Un Conseil constitutionnel apparemment plus strict que le Conseil d’État vis-à-vis de la surveillance numérique de masse

Depuis plusieurs mois, les plus hautes juridictions du pays sont chacune à leur tour confrontées à la difficile question de la surveillance numérique de masse. On proposera à la fin de l’article un récapitulatif des décisions importantes rendues sur cette question après avoir fait état de la plus récente actualité en la matière. Ainsi, dans une décision n° 2021-976/977 QPC du 25 février 2022, rendue consécutivement à une question prioritaire de constitutionnalité présentée devant la chambre criminelle de la Cour de cassation, le Conseil Constitutionnel a censuré plusieurs dispositions législatives. En l’espèce il était question de l’article L. 34-1 du Code des postes et des communications électroniques (CPCE) prévoyant un principe d’anonymisation des données de trafic (L. 34-1 II) nuancé par plusieurs réserves (L. 34-1 II et III) figurant dans le même article.

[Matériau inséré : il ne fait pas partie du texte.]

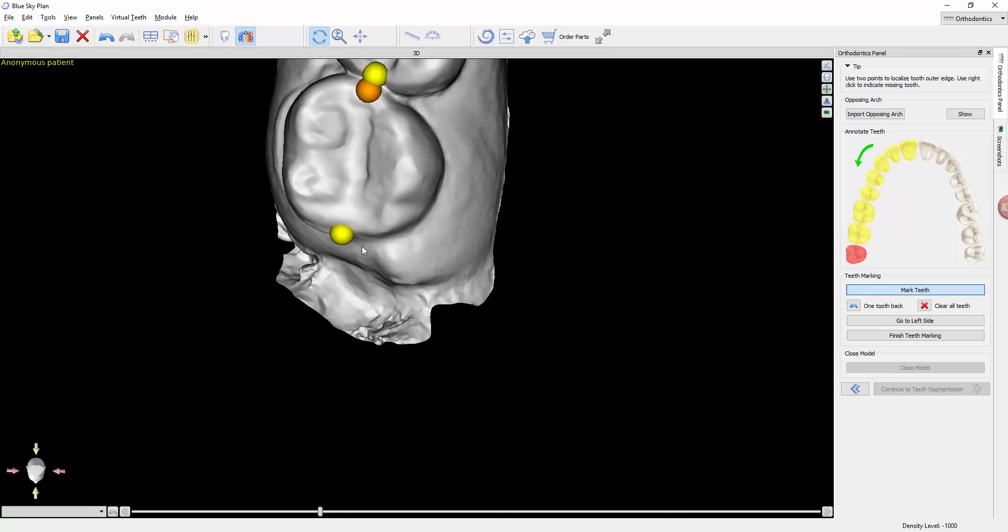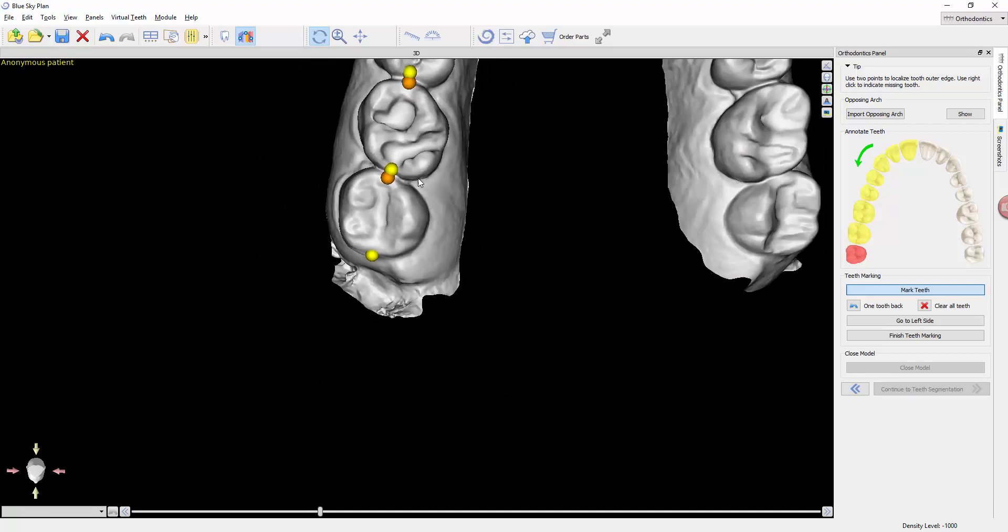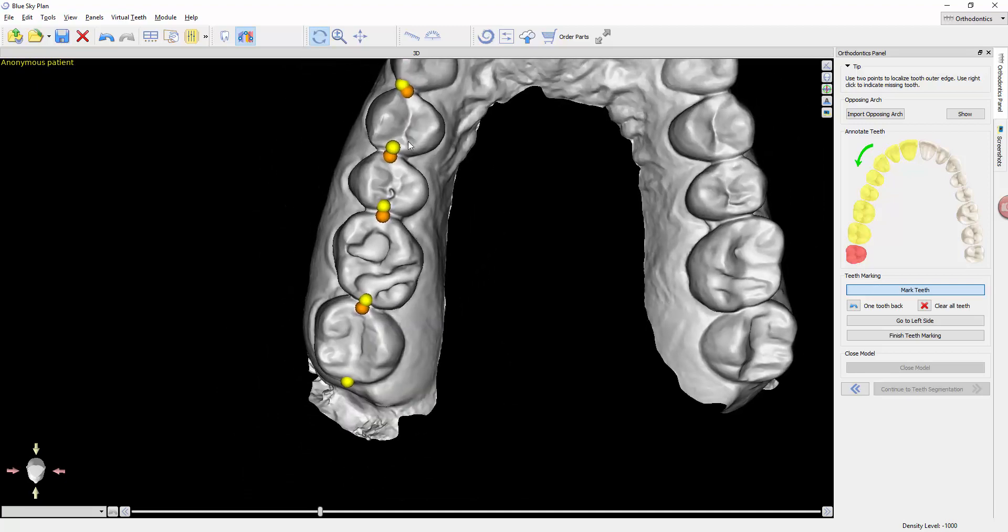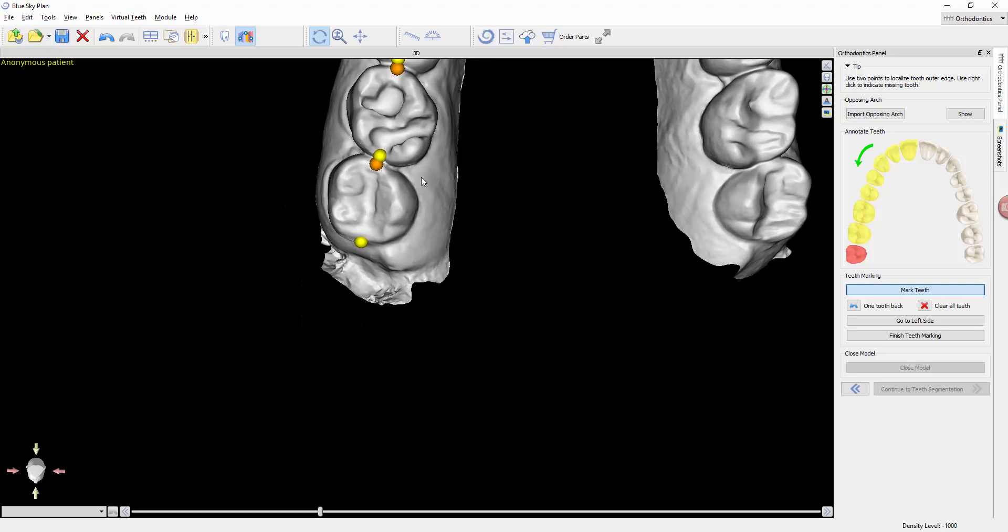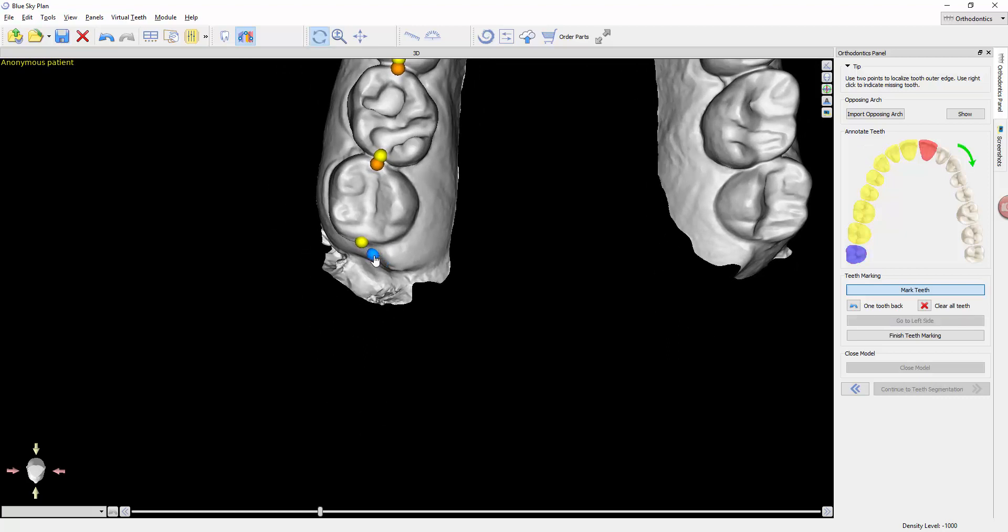We don't need to note the wisdom tooth, but if you were missing a premolar, you would do this as well. Instead of left clicking, you would simply right click, it makes a blue dot.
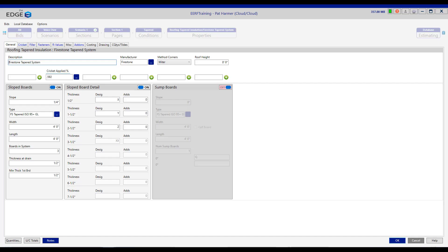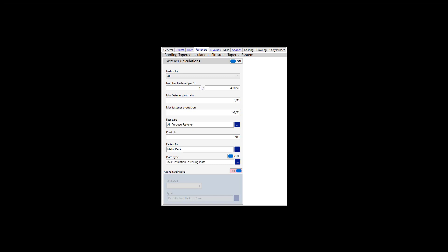A fast and accurate tapered installation estimate is easier than ever before when using Estimating Edge's tapered module. Everything you need for a tapered estimate is pre-built, including the slope boards, the crickets, the filler boards, and with the Edge's exclusive smart fastener feature.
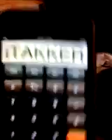Basically, I replaced the error text with a custom word. Just type in a random number, like 1, and then divide it by 0 and hit equals — and there you go. It shows 'iTacker' instead of the default error.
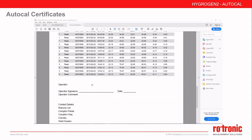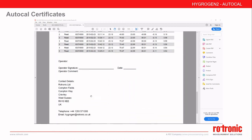The operator name will be listed here if entered, and there is space for the operator's signature and the date. Finally, the contact details as entered on the Hygogen are listed.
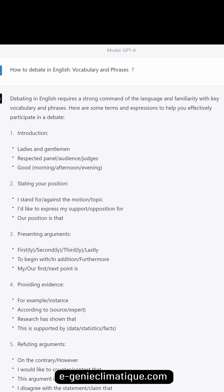How to debate in English: vocabulary and phrases. Debating in English requires a strong command of the language and familiarity with key vocabulary and phrases. Here are some terms and expressions to help you effectively participate in a debate.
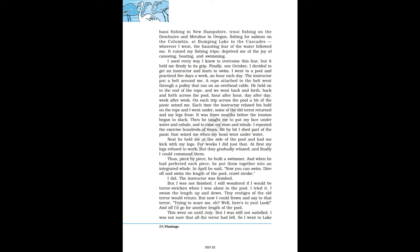Then he taught me to put my face under water and exhale, and to raise my nose and inhale. I repeated the exercise hundreds of times. Bit by bit I shed part of the panic that seized me when my head went under water. Next he held me at the side of the pool and had me kick with my legs. For weeks I did just that. At first my legs refused to work, but they gradually relaxed, and finally I could command them. Thus, piece by piece, he built a swimmer. And when he had perfected each piece, he put them together into an integrated whole. In April he said, 'Now you can swim. Dive off and swim the length of the pool, crawl stroke.' I did. The instructor was finished. But I was not finished.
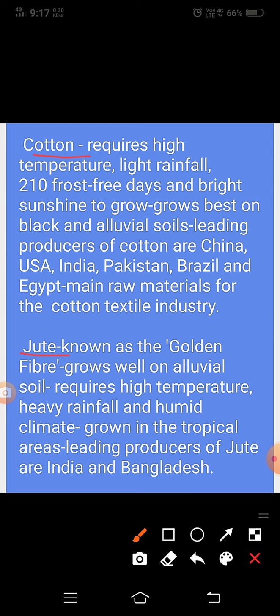Jute, known as the golden fiber, grows well in alluvial soil. It requires high temperature, heavy rainfall and humid climate. Grown in tropical areas. जूट जिसको हम पटसन के नाम से भी जानते हैं, इसे golden fiber भी कहा जाता है। Leading producers of jute are India and Bangladesh.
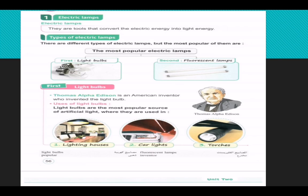Thomas Alpha Edison is an American inventor who invented the light bulb. Light bulbs are the most popular sources of artificial light, where they are used in torches, car lights, and lighting houses.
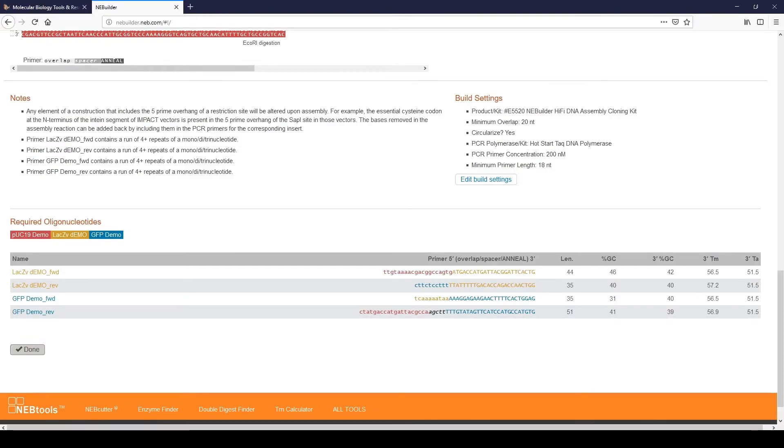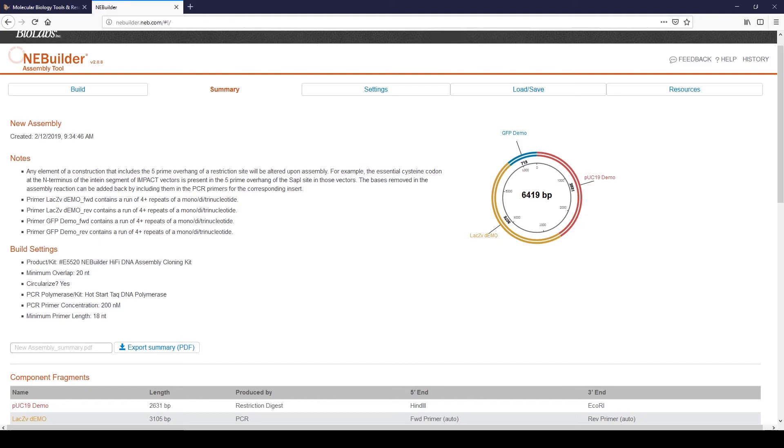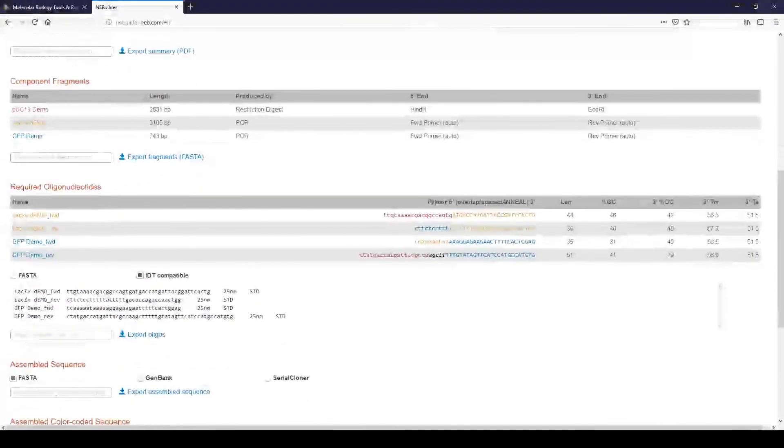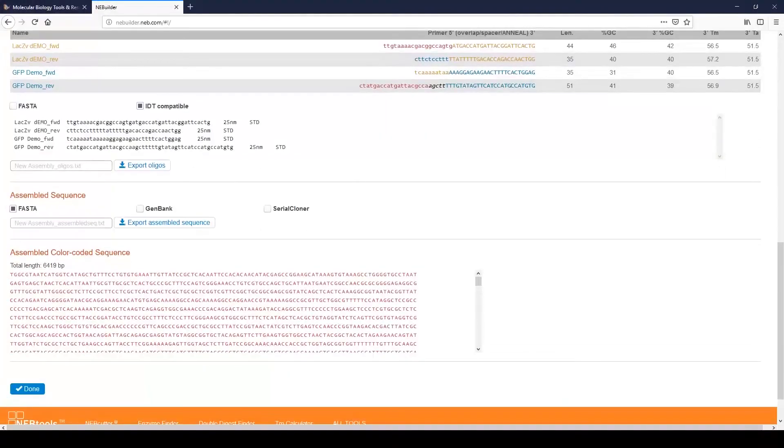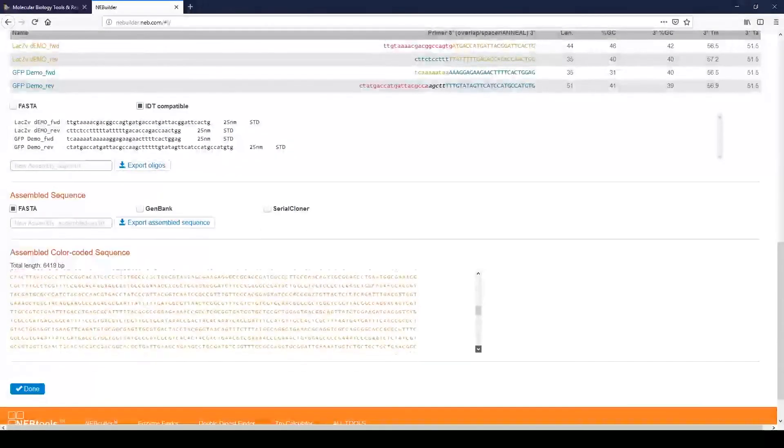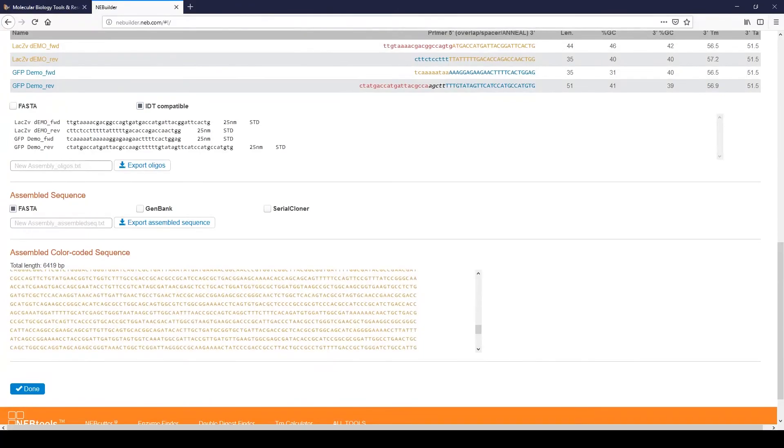On the next page, there will be a summary of your assembly. This summary page contains information on the fragments, the oligos required for PCR, which can be shown in FASTA or IDT compatible sequence formats, as well as the TM and annealing temperature of those oligos. There is also a simple map of the assembled product, a sequence in multiple formats that can be exported, and a color-coded sequence that you can easily identify the assembly junctions.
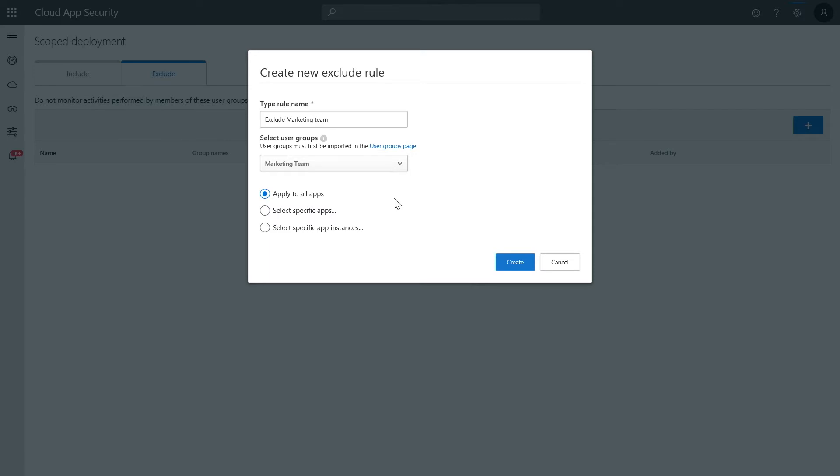Additional configuration options allow you to select if you want the rule to apply to all apps, only specific apps, or even specific app instances. Finally, click create.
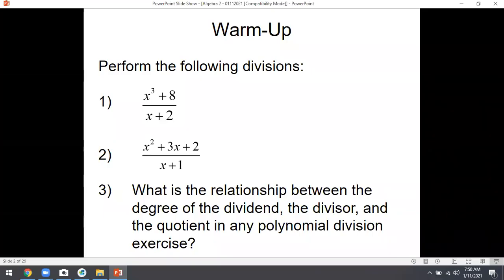Good morning everybody. Today we're going to move on to the next section. It's kind of a weird side stop about how to expand polynomials. It's called Pascal's Triangle and the Binomial Theorem — it sounds fancy, and it kind of is. We'll practice it a little bit. But first, we're going to warm up and review some long division from last time.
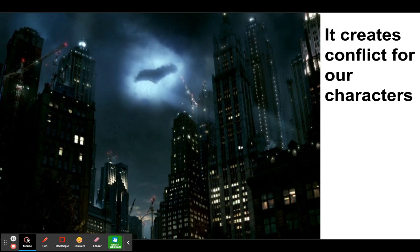Second, setting can create conflict for our characters. Some of you probably recognize this — the bat signal up there. This is Gotham City. Sometimes settings can set up problems for our character to solve. If you think about Batman, if you think about any dystopian movie like The Hunger Games, or any story set in the middle of a war, these settings are going to create problems for our characters to deal with that they would not have if the story took place in another setting.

La mise en œuvre de ces réserves permettait au pouvoir réglementaire[1] de fixer par décret en Conseil d’État la liste des données échappant à ce principe d’anonymisation. La rédaction était peu précise tant du point de vue des infractions pénales justifiant la mise en œuvre du dispositif que du type de données susceptibles d’être visées. De ce fait, le dispositif a été interprété comme ouvrant la voie à une conservation générale et indifférenciée de données de connexion très attentatoire au droit à la vie privée, découlant de l’article 2 de la Déclaration des droits de l’homme et du citoyen de 1789.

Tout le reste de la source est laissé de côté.